I can’t go back to my old seasonal job at the movie theater. It’s just too awkward now with the GM. I went there today to watch the third Transformers, and saw that she was behind the popper for a bit. So I went over to say hi, and while we made small talk, at the end of the conversation she was all, “So what do you want?” And after all the weirdness I had to go through last year (asking to work only sparingly over the summer; not being able to work over winter break due to the fact they thought I’d be in Costa Rica for a whole year, not semester; and not calling in May to ask for my job back like I promised because of my internship and vacation), I just knew she thought I was coming to ask if I could work again. Which, I mean, I wasn’t. But admittedly I was testing the waters there…and now I know that that chapter of my life is officially over. What a weird ending. Sad, too, because there are a lot more people I know still working there than I thought.
So now I am in full job hunting mode. I even finally bought a suit jacket/blazer. I know they say summers aren’t necessarily the greatest hiring periods, but I’m applying to anything that remotely sounds interesting and is within commuting distance for me. And that includes other mall jobs that could sustain me for a bit while I look for my first grown up job. But alas, Carson Pirie Scott’s already emailed me back saying they weren’t going to “pursue my profile further.” Being a grown up is tough.

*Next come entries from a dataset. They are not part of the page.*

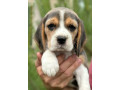 beagle-puppies-looking-for-a-home-in-san-diego-ca-small-4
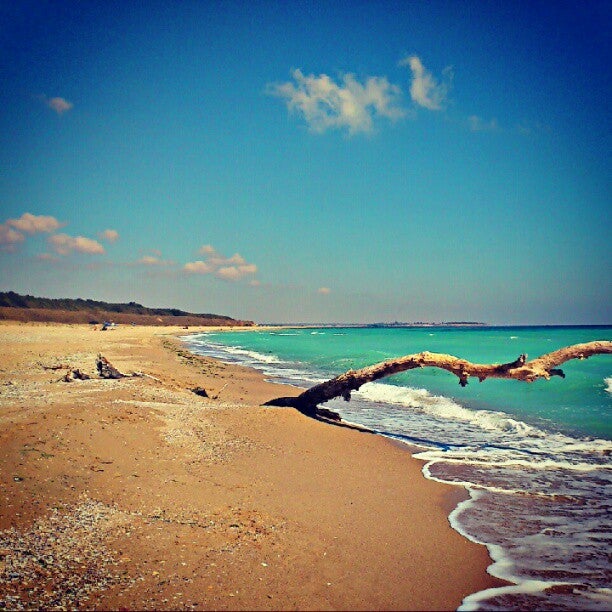 beach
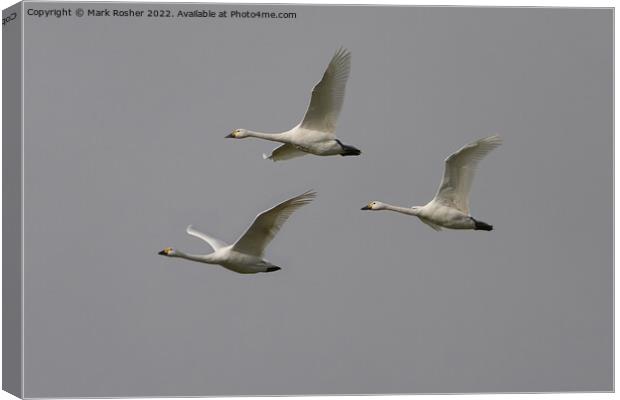 Bewick Swan trio Canvas Print by Mark Rosher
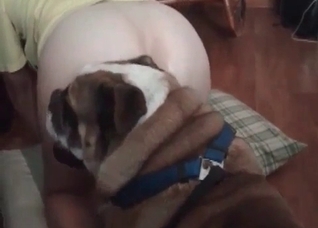 Redhead is blowing red dick of a dog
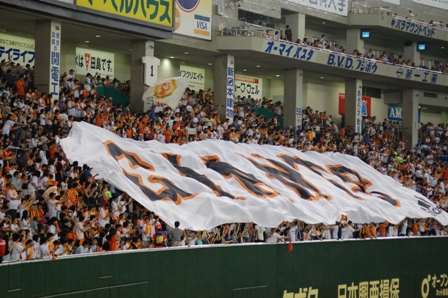 f0065768_1632163.jpg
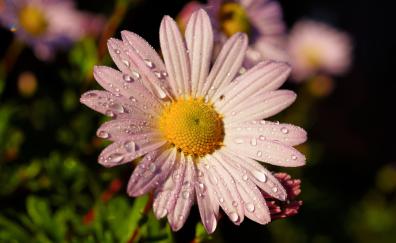 Flower, pink daisy, water drops, closeup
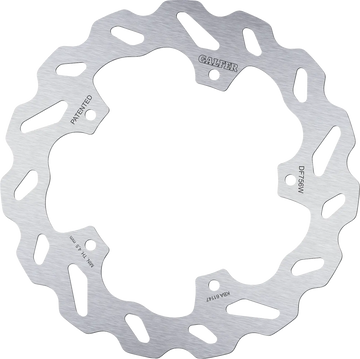 BMW S 1000 R [2025] - brake disc – picture 1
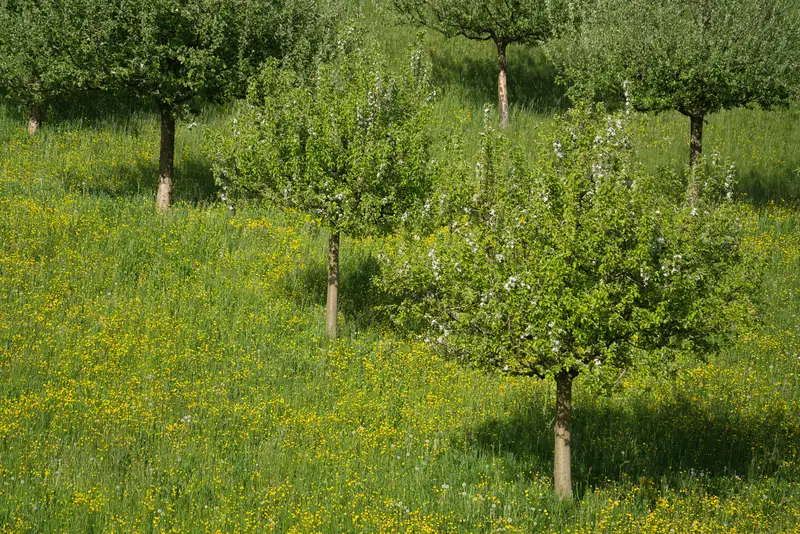 Flowering fruit trees ... and 'competing' flowers in the meadow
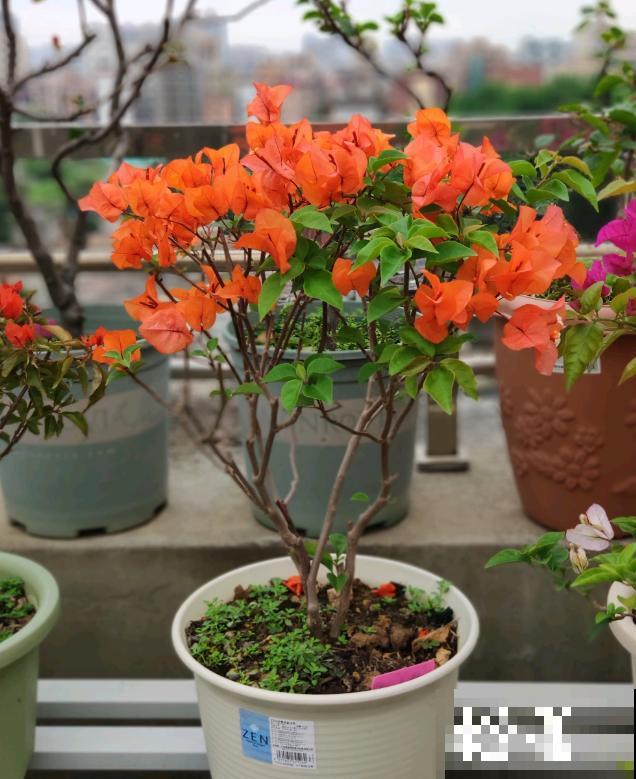 20平的小楼顶，养了100多盆三角梅，花团锦簇美不胜收！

Speaking of, I noticed today that the last two movies I watched have had eerie resemblances to my current life. Yesterday I finally saw The Hangover Part II, and I felt like I was being transported back to my two week stay in the Philippines: the annoyingly long journey, Delta Airlines, and the riding around in public jeep transports. In fact, what with all the Asian people and beautiful beach resorts, it was almost like my vacation in the Philippines…sans the whole drugs and partying and car chases. And then today! I took my little brother to see the third Transformers, and there he was, the lead human character, Sam Witwicky, a recent college graduate desperate to find a real career job! It like totally inspired me to kick my butt into overdrive and be serious about my future. The kicker was when everything shifted to the battle scenes in Chicago. I’ve seen a lot of disaster movies, and Chicago is almost never featured. Usually you only see cities like New York or L.A. or D.C. get trampled on and blown up and whatnot. But when the Decepticons started shooting up the place and people were running everywhere and they’re blowing up very familiar buildings…I almost started crying! And when they had that massive car chase down I-88, it was so surreal. Made me really wish I could have gone into the city to watch them film last summer, like everyone else I know seemed to have done.